The problem ▸
In the entries below, find the lines that include "Rose" and give their number as the whole reply.

Information provided ▸
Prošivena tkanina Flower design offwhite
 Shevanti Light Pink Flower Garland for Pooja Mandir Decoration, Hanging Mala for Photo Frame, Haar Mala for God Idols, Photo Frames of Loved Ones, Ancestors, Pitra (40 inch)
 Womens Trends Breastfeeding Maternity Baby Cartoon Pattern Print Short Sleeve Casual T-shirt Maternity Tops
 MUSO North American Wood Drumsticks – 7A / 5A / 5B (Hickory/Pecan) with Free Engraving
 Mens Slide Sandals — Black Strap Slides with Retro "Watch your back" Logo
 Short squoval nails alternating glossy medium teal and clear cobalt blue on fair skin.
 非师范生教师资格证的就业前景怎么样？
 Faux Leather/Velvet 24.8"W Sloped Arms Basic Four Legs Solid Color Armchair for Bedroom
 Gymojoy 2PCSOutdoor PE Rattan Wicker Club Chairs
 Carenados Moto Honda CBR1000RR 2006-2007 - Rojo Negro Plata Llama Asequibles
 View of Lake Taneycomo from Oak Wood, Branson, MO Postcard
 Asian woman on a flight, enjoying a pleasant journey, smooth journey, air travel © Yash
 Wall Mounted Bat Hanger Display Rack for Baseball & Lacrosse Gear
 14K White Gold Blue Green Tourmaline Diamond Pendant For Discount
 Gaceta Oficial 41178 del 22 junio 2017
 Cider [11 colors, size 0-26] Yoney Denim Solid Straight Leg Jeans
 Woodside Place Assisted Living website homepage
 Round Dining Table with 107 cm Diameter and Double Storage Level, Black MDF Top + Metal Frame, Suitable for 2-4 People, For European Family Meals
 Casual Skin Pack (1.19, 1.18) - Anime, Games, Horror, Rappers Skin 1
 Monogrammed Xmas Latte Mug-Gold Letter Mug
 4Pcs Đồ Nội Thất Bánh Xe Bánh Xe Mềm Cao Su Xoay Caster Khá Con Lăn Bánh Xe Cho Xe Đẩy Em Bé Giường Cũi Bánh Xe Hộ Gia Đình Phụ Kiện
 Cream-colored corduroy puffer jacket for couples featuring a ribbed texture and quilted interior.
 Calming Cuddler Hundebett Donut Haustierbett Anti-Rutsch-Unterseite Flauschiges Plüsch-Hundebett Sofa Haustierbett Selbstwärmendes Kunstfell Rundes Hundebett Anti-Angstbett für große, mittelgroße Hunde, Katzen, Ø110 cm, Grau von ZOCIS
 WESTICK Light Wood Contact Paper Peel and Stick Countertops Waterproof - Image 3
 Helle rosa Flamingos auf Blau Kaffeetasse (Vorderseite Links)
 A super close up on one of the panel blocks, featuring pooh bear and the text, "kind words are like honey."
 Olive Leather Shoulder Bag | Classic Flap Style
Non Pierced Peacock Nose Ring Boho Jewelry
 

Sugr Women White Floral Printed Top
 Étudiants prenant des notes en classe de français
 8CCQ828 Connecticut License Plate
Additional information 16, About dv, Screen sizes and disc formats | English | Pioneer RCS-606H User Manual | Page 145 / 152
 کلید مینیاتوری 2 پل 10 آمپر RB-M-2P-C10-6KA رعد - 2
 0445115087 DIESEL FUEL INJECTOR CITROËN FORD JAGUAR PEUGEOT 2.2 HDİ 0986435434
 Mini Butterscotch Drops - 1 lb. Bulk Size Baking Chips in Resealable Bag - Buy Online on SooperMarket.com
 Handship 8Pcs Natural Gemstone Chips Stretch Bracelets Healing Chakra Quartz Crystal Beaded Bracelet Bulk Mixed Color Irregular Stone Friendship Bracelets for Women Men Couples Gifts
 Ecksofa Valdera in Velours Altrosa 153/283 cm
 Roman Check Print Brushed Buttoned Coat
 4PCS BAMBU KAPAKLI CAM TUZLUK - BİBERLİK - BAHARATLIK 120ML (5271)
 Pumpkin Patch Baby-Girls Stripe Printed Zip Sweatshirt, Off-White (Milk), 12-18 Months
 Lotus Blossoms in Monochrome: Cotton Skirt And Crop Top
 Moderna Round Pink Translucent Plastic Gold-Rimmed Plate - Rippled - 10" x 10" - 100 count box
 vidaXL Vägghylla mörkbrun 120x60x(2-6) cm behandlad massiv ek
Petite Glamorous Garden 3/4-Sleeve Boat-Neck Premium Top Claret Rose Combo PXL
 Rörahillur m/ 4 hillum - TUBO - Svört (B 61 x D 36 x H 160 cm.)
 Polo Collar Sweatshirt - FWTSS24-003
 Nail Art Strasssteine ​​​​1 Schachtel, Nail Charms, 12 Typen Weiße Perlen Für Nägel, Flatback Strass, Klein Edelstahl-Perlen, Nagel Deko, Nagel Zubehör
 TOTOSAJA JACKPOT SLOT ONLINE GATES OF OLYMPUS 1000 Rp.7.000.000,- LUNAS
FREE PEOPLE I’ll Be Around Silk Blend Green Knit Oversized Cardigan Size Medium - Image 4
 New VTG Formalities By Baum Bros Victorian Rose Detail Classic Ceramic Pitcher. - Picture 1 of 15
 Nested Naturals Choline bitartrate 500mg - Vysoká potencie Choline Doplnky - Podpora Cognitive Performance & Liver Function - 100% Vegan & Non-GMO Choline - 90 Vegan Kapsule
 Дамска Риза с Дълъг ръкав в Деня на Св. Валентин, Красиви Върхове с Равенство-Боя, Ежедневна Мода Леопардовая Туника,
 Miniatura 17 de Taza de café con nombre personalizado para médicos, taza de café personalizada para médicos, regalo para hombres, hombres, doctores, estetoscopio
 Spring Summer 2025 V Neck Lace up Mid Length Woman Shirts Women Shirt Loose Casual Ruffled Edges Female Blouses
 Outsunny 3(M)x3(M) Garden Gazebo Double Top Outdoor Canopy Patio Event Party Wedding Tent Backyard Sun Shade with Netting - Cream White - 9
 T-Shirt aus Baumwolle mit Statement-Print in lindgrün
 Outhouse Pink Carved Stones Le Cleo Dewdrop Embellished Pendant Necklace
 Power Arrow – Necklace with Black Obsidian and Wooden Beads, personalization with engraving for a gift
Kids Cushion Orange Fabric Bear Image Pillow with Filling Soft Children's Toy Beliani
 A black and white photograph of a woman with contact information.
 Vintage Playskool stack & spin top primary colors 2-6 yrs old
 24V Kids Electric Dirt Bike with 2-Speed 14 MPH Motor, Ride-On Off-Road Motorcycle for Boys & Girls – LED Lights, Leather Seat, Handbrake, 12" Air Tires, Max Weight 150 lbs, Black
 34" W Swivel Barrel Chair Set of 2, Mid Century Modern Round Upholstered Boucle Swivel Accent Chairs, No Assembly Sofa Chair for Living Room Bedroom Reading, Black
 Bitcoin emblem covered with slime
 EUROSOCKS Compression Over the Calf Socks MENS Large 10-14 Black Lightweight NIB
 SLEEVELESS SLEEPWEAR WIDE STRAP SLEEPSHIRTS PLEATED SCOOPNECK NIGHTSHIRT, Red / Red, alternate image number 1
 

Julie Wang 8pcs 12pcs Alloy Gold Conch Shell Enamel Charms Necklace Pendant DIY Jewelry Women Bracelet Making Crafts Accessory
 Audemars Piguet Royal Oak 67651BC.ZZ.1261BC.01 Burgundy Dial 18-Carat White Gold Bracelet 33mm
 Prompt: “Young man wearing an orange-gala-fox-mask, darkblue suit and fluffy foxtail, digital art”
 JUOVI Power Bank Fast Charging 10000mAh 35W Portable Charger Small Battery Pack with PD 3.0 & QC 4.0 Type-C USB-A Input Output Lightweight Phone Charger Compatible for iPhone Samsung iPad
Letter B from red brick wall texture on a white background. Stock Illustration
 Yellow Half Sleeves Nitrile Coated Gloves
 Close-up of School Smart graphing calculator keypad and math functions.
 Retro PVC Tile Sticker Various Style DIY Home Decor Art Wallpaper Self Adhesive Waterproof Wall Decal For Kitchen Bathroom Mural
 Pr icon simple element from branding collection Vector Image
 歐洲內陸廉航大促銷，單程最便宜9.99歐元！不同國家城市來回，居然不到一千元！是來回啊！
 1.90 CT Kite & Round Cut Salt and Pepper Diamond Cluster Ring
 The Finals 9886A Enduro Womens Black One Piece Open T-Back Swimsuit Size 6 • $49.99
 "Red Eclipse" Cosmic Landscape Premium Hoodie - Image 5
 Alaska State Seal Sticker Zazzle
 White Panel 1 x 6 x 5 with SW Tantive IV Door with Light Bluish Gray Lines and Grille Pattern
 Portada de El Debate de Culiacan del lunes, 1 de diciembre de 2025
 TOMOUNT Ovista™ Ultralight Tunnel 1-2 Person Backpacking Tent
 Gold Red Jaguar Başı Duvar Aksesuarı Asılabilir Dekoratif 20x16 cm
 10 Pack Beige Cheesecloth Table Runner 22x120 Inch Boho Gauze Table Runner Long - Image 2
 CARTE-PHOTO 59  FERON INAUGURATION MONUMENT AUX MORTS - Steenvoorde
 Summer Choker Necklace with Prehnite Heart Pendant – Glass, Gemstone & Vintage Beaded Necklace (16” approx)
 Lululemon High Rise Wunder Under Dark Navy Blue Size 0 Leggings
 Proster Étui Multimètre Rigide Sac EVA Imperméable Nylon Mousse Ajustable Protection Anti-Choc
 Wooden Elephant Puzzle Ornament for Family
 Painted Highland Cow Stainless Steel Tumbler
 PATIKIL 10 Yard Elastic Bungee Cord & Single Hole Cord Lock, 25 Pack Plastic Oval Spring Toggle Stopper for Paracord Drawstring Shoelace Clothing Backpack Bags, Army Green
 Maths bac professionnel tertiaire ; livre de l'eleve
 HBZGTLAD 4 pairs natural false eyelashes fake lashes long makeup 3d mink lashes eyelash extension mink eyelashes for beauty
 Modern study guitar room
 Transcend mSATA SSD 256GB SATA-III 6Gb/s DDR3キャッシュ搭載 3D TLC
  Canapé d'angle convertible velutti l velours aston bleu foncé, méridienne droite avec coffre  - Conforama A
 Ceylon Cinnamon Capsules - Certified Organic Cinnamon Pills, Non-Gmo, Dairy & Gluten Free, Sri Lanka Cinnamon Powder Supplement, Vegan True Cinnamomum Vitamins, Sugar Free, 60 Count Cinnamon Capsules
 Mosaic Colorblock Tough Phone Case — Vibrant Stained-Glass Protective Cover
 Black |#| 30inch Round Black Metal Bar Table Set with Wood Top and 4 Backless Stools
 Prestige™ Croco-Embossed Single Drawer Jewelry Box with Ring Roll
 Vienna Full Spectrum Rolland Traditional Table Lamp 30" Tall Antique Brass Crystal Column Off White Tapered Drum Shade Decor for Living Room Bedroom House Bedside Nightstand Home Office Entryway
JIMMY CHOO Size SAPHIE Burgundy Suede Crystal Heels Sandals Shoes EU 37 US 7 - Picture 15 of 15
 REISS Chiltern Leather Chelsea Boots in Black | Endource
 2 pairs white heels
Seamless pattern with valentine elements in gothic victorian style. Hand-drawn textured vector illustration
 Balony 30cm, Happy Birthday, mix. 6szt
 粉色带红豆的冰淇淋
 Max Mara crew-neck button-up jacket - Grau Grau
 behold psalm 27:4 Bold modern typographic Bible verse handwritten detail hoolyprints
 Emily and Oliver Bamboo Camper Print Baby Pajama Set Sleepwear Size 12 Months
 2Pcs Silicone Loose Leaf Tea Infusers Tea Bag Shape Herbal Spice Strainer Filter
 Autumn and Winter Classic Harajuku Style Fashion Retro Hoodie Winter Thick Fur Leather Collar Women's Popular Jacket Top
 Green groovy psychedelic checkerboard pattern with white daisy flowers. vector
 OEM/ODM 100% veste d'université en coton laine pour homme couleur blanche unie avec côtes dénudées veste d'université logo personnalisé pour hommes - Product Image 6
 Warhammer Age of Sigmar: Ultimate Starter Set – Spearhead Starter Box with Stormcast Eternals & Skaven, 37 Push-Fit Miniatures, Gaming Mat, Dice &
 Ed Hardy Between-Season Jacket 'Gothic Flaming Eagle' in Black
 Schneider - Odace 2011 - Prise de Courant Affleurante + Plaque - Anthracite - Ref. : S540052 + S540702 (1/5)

Expected output ▸
2